La normativa vigente prevede regole precise per evitare sovrapposizioni. Come specificato nella motivazione della mozione, qualora il nucleo familiare di un lavoratore frontaliere disponga di un reddito anche nel Paese d’origine (l’Italia), si applica il principio della priorità dello Stato di residenza dei figli.

In termini pratici per il Canton Ticino, ciò significa che l’assegno familiare deve essere prioritariamente versato dall’Italia. La Svizzera interviene successivamente solo per colmare la differenza tra l’importo italiano e quello elvetico, qualora quest’ultimo sia superiore.
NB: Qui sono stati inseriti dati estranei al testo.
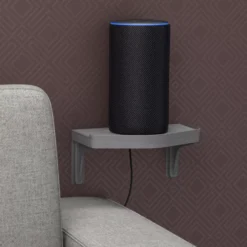 D-Line Grey Cable Tidy Shelf 9 D-Line Grey Cable Tidy Shelf -Master Yale Shop d line grey cable tidy shelf5056335602766 03i bq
Tuttavia, per permettere all’IAS (Istituto delle assicurazioni sociali) di calcolare ed effettuare correttamente questa deduzione, è fondamentale conoscere con esattezza l’esistenza e l’ammontare della prestazione italiana.
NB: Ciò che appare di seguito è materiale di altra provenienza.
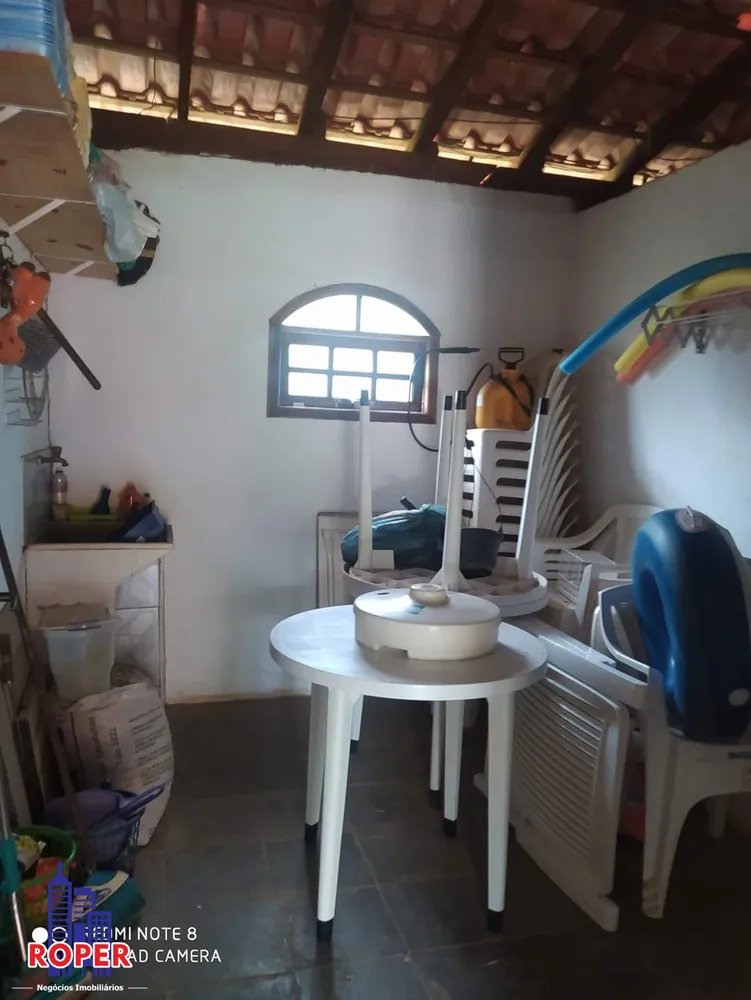 Chácara, 3 quartos, 2500 m² - Foto 3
Le criticità della piattaforma RINA GUI

Dal mese di ottobre 2021 è operativa la piattaforma europea RINA GUI, uno strumento digitale concepito proprio per consentire ai Paesi partecipanti di condividere in tempo reale i dati sugli assegni familiari. Nonostante il sistema funzioni correttamente con altre nazioni, Lorenzo Quadri segnala gravi lacune da parte italiana:

“Risulta che la sezione lombarda dell’INPS sia negligente nell’adempimento di tale compito. Di conseguenza, le informazioni necessarie risultano mancanti o inaffidabili, creando un concreto rischio di cumulo degli assegni”.

Questa mancanza di dati certi costringe l’IAS a ricorrere a sistemi di verifica alternativi. Tali procedure non solo non offrono piene garanzie di sicurezza, ma generano un ulteriore carico di lavoro burocratico e costi supplementari per il Canton Ticino, già alle prese con una congiuntura finanziaria delicata.

L’ipotesi del blocco dei versamenti

La mozione di Quadri non si limita a chiedere un sollecito diplomatico. Poiché la partecipazione alla piattaforma RINA GUI comporta costi gestiti a livello federale, il deputato leghista suggerisce una linea di estrema fermezza:

“In caso le inadempienze proseguissero, va valutato lo stop ai versamenti degli assegni familiari ai frontalieri fino a quando lo scambio delle informazioni non avverrà in modo corretto e affidabile”.

Resta ora da attendere la risposta del Consiglio federale in merito alla possibilità di esercitare tale pressione sull’INPS Lombardia per regolarizzare il flusso dei dati previdenziali.